Task instructions
Return, word for word, every line starting at the line with "Forma na pečení donuty" and ending at the final line of the entries; skip the pictures.

Source material
== Segment start ==

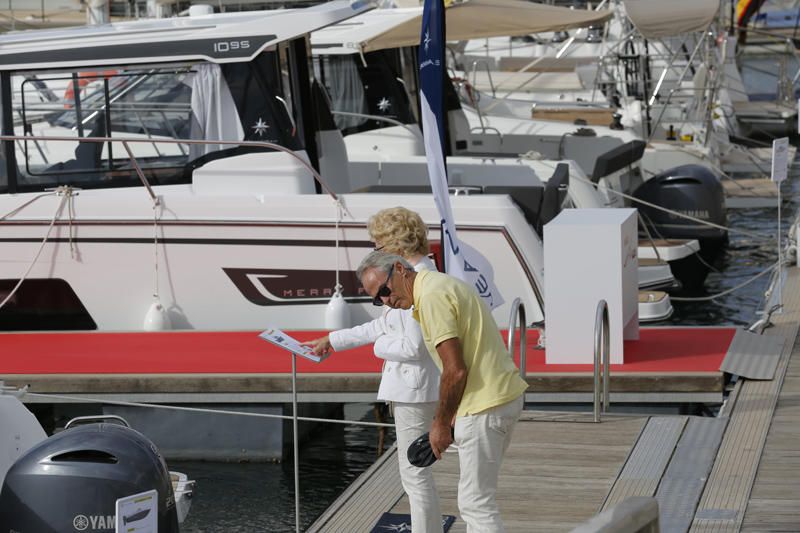 Valencia Boat Show 2019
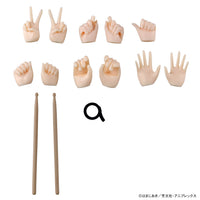 Bocchi the Rock! 30 Minutes Preference Nijika Ijichi Model Kit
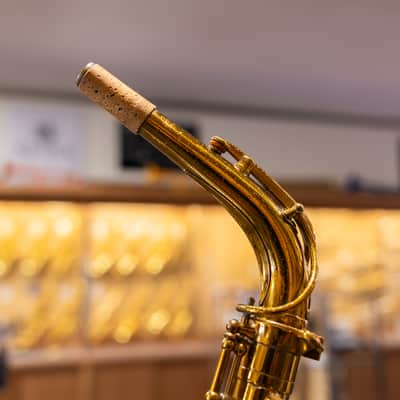 Selmer Paris Balanced Action Alto Saxophone - Lacquer image 2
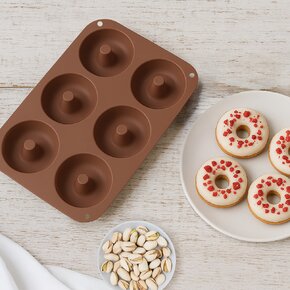 Forma na pečení donuty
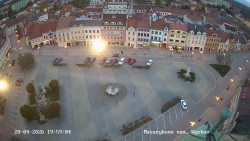 Masarykovo náměstí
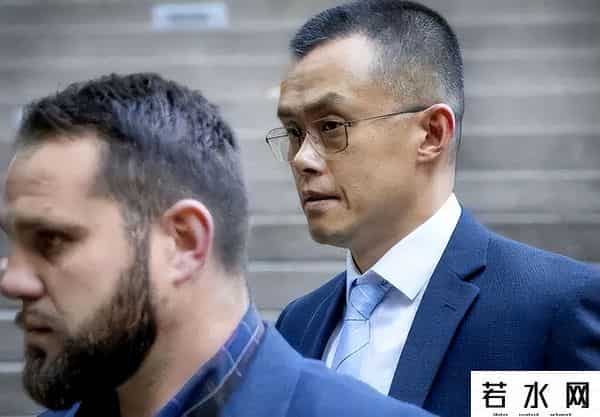 前华人首富赵长鹏回国!痛快交531亿罚款，成全球最相信美国大冤种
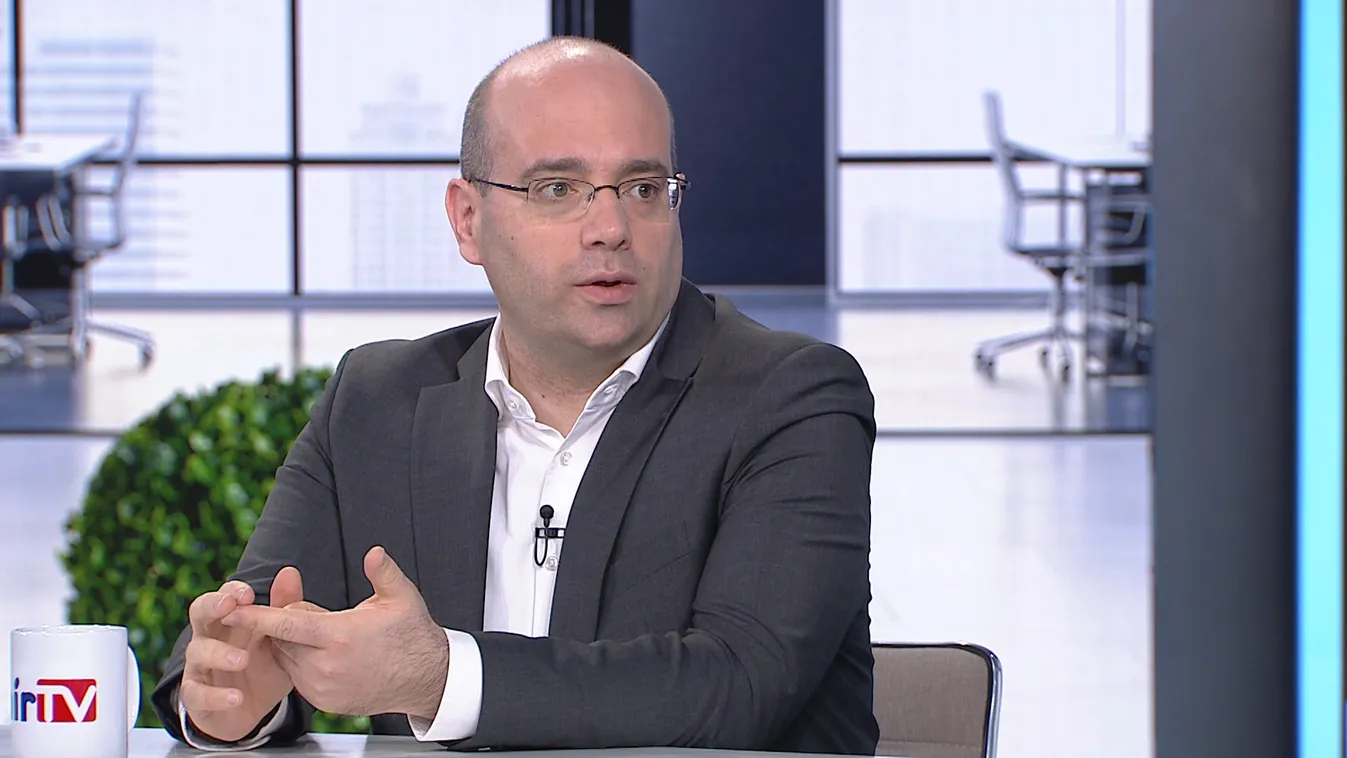 Mráz Ágoston Sámuel : A jobboldallal szemben a baloldalon nincsenek következmények + videó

== Segment end ==

Exercise result
 Forma na pečení donuty
 Masarykovo náměstí
 前华人首富赵长鹏回国!痛快交531亿罚款，成全球最相信美国大冤种
 Mráz Ágoston Sámuel : A jobboldallal szemben a baloldalon nincsenek következmények + videó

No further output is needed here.